- The cover to Strike! #5, art by Tom Lyle.

Publication information
- Publisher: Eclipse Comics
- Schedule: Monthly
- Format: Ongoing series
- Publication date: August 1987 – January 1988
- No. of issues: Strike!: 6 The Airfighters Meets Sgt. Strike Special: 1 Strike! vs. Sgt. Strike Special: 1
- Main character(s): Strike! (Dennis Forman) Sgt. Strike (Russell Carlyle)

Creative team
- Created by: Chuck Dixon Tom Lyle
- Written by: Chuck Dixon
- Penciller: Tom Lyle
- Inker: Romeo Tanghal
- Letterer: Kurt Hathaway
- Colorist: Ron Courtney
- Editor: Cat Yronwoode

= Strike! (comic book) =

American comic book series

Strike! is an American creator-owned superhero comic book series created by writer Chuck Dixon and artist Tom Lyle, published by Eclipse Comics between 1987 and 1988. It concerns a teenage boy who finds the power harness of Sgt. Strike, a hero who fought in World War II for the United States before disappearing.

==Creation==
Strike! was one of the four launch titles for Timothy Truman and Chuck Dixon's 4Winds imprint. Inspired by the popular revival of Hillman Periodicals' Golden Age hero Airboy for Eclipse, Dixon and artist Lyle devised the Strike concept, using the elements of a Dixon pitch called The Revenger that hadn't been cannibalised for Airboy. The conceit was that the series was a modern update of a Golden Age character called Sgt. Strike. However, Sgt. Strike didn't exist; Dixon fabricated a metafictional backstory claiming the character had started out in a strip printed on the back of boxes of cereal before graduating to a pack-in title called All Thrill Comics. At the same time Truman was exploring a similar idea in another 4Winds/Eclipse title, The Prowler, though that made no secret of the WWII era character being a modern creation.
==Publication history==
The title was picked up by Eclipse. It would feature "new" Strike! stories by Dixon and Lyle as the lead feature and "vintage" Sgt. Strike stories as backups. The latter were actually scripted by Dixon and featured a variety of artists mimicking a Golden Age style; despite being parodic to the point of being poor these were popular with readers. Promotional material from Eclipse also referenced the purported history of the title, while Dixon wrote extensive text pieces detailing the "history" of Sgt. Strike.

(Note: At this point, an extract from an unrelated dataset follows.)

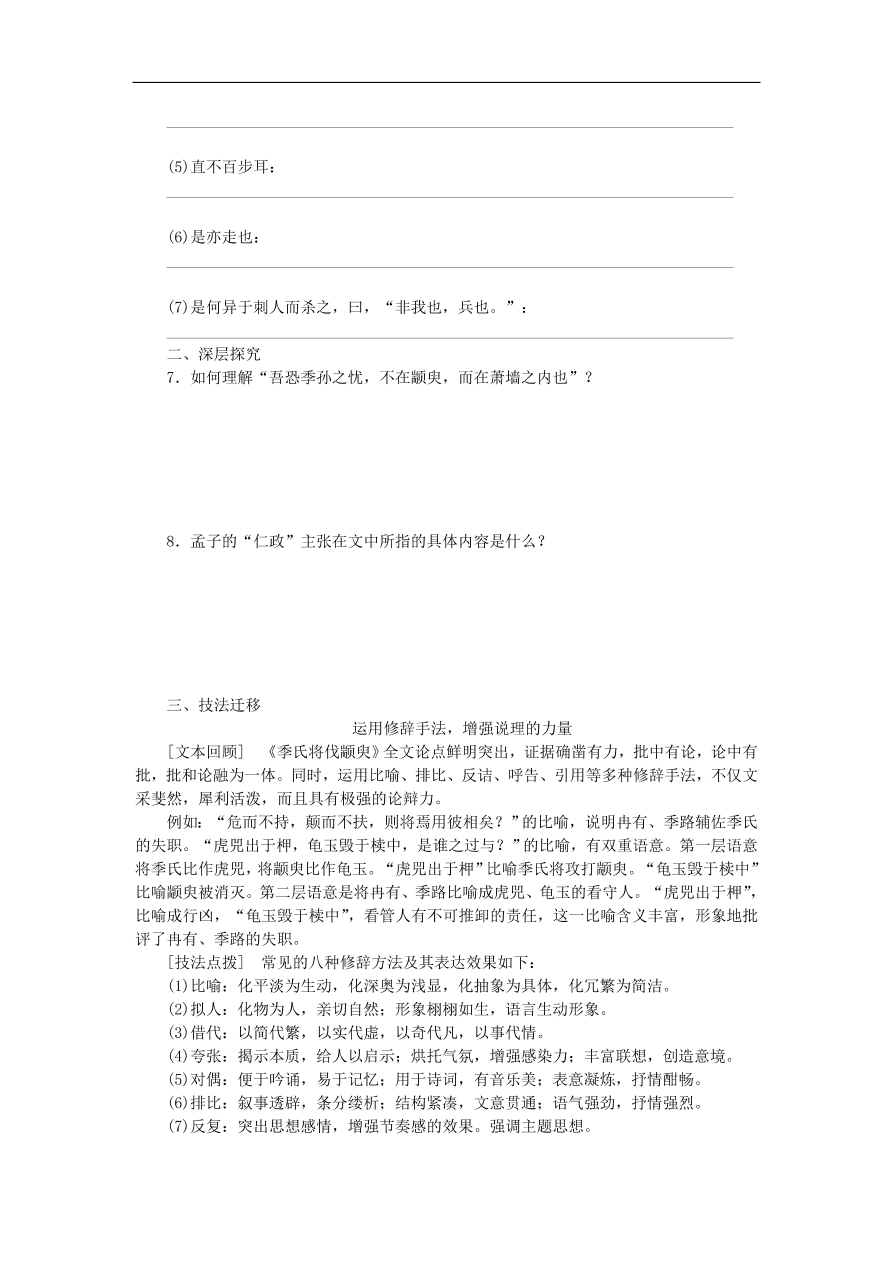 粤教版高中语文必修四第四单元第14课《孔孟两章》练习带答案第一课时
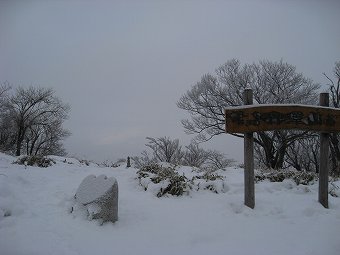 丹沢山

In the letters column of the sixth issue Dixon finally officially admitted to the ruse. How successful the ploy was is unknown; Amazing Heroes noted that the Overstreet Comic Book Price Guide had no record of the character, and included quotation marks around the word "reprints" in a preview of the series.

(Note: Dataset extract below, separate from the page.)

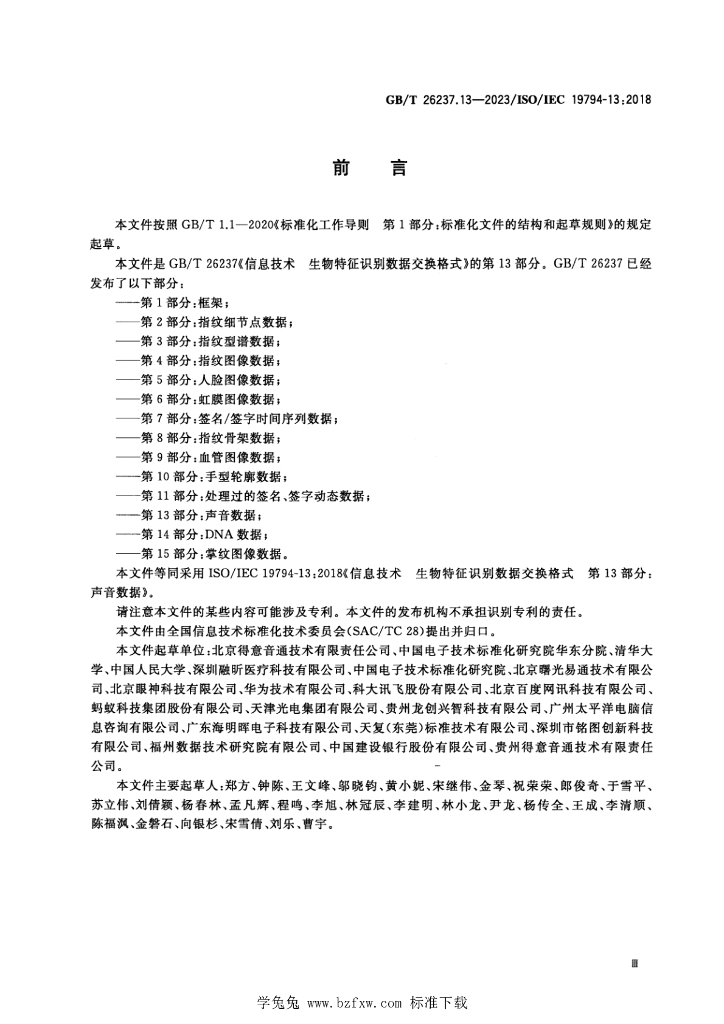 GB/T 26237.13-2023 标准预览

The issue was the last of the series; the planned #7 was repackaged as the one-shot Strike! vs. Sgt Strike Special. The issue saw Sgt. Strike return from being kept in stasis by aliens and attempt to reclaim the power harness from Dennis. Eclipse also published a crossover with Airboy, Air Fighters Meet Sgt. Strike, set on D-Day.

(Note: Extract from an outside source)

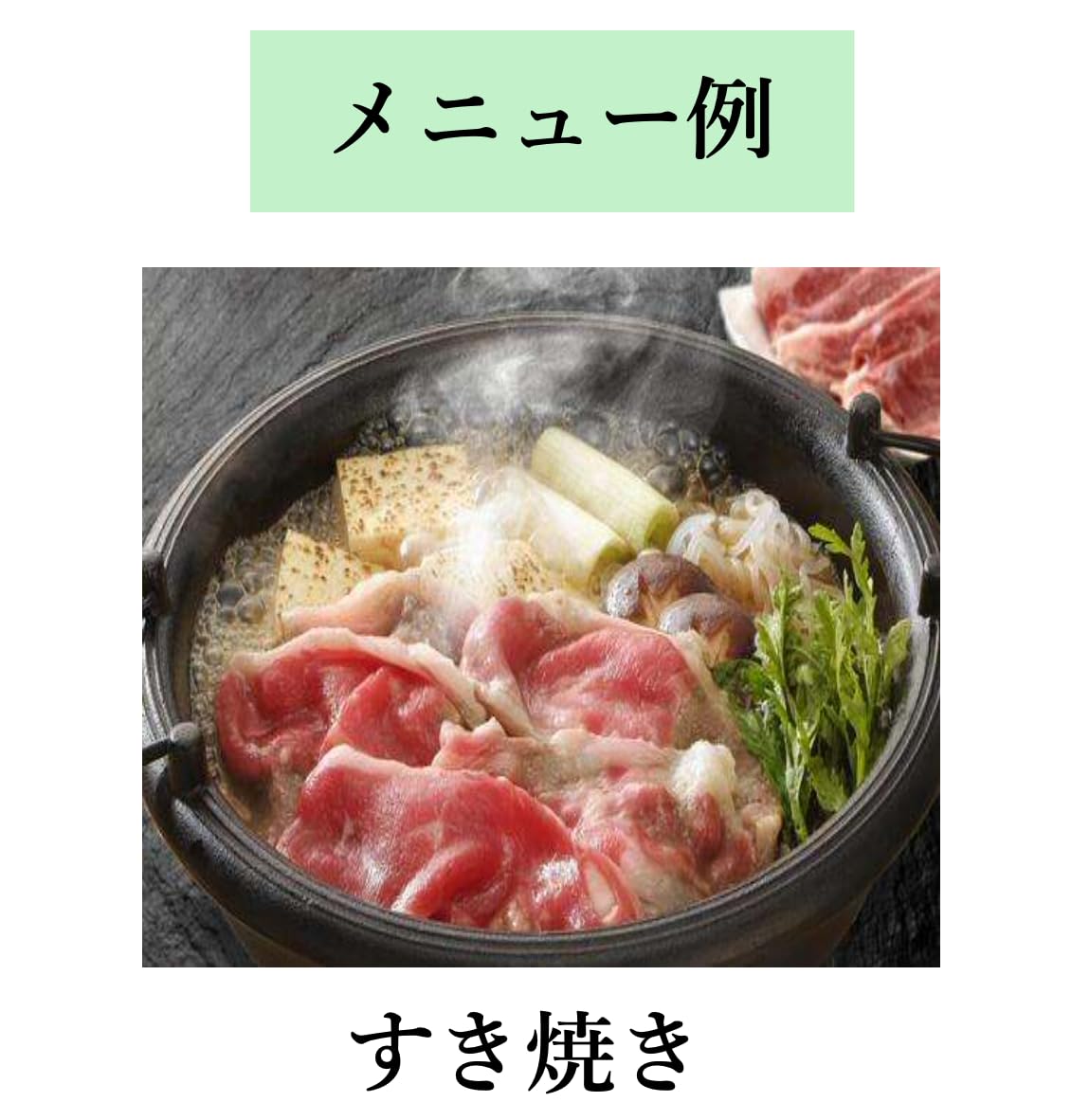 う まし る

The characters next appeared in major roles in the 1988-1989 crossover Total Eclipse, which followed on directly from the Strike! vs. Sgt Strike Special. Dixon stated he and Lyle (who was planning to take over as writer) had multiple future arcs plotted and hoped Total Eclipse would generate more interest in the property. However Forman was killed off in Total Eclipse #4, and while Sgt. Strike survived the events the character has not appeared since.
==Plot==
Dennis Forman, a young African-American living in a slum, discovers missing World War II superhero Sgt. Strike's power harness, costume and diary in his mother's attic. The diary suddenly stops, giving no information about where Sgt. Strike went or how his effects ended up where Dennis finds them. Sensing an opportunity to get them out of the ghetto he attempts to profit from the new power.
==Reception==
Martin A. Stever reviewed Strike! in Space Gamer/Fantasy Gamer No. 83. Stever commented that "The strength of this comic is solid art and Dixon's stories. The reader has absolutely no idea as to what is going to happen next; so each story is a real adventure. The hero, the archetypical poor but bright high school student, is written with realistic human motivations, making us very sympathetic to his cause, beating the tar out of bad guys." Conversely W. David Hall slated the title for Amazing Heroes, heavily criticising the second issue's stereotypical characters and bemoaning the "sheer stupidity of some of the situations". In the same publication, Andy Mangels was more positive; while reviewing Strike! vs. Sgt Strike Special he noted the series had been "consistently intelligent", and credited Lyle's improving art.